A complete and exact copy of the data below is the task.

***** Listed records

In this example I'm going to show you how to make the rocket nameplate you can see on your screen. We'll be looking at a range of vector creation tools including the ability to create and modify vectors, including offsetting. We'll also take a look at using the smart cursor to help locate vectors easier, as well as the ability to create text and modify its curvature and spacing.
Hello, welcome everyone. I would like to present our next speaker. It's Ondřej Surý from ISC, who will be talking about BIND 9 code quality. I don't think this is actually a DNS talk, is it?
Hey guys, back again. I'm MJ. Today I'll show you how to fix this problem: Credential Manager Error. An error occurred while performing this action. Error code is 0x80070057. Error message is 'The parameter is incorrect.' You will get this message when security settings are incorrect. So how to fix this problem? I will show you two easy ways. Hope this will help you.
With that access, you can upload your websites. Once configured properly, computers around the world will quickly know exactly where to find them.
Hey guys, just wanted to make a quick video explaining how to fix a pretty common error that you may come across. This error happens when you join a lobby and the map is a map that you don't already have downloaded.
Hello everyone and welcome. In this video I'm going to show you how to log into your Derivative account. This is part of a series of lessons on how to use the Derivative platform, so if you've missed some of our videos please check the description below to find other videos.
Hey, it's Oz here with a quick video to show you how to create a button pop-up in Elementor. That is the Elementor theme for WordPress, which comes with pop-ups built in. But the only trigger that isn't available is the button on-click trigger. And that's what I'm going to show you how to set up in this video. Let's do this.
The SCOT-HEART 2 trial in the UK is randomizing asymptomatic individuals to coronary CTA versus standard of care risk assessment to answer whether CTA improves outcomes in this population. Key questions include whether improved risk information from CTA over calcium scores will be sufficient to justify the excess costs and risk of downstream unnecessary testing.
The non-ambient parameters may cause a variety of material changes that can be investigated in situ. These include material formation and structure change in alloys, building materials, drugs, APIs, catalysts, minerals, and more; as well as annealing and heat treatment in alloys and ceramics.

**********

## Reply:
In this example I'm going to show you how to make the rocket nameplate you can see on your screen. We'll be looking at a range of vector creation tools including the ability to create and modify vectors, including offsetting. We'll also take a look at using the smart cursor to help locate vectors easier, as well as the ability to create text and modify its curvature and spacing.
Hello, welcome everyone. I would like to present our next speaker. It's Ondřej Surý from ISC, who will be talking about BIND 9 code quality. I don't think this is actually a DNS talk, is it?
Hey guys, back again. I'm MJ. Today I'll show you how to fix this problem: Credential Manager Error. An error occurred while performing this action. Error code is 0x80070057. Error message is 'The parameter is incorrect.' You will get this message when security settings are incorrect. So how to fix this problem? I will show you two easy ways. Hope this will help you.
With that access, you can upload your websites. Once configured properly, computers around the world will quickly know exactly where to find them.
Hey guys, just wanted to make a quick video explaining how to fix a pretty common error that you may come across. This error happens when you join a lobby and the map is a map that you don't already have downloaded.
Hello everyone and welcome. In this video I'm going to show you how to log into your Derivative account. This is part of a series of lessons on how to use the Derivative platform, so if you've missed some of our videos please check the description below to find other videos.
Hey, it's Oz here with a quick video to show you how to create a button pop-up in Elementor. That is the Elementor theme for WordPress, which comes with pop-ups built in. But the only trigger that isn't available is the button on-click trigger. And that's what I'm going to show you how to set up in this video. Let's do this.
The SCOT-HEART 2 trial in the UK is randomizing asymptomatic individuals to coronary CTA versus standard of care risk assessment to answer whether CTA improves outcomes in this population. Key questions include whether improved risk information from CTA over calcium scores will be sufficient to justify the excess costs and risk of downstream unnecessary testing.
The non-ambient parameters may cause a variety of material changes that can be investigated in situ. These include material formation and structure change in alloys, building materials, drugs, APIs, catalysts, minerals, and more; as well as annealing and heat treatment in alloys and ceramics.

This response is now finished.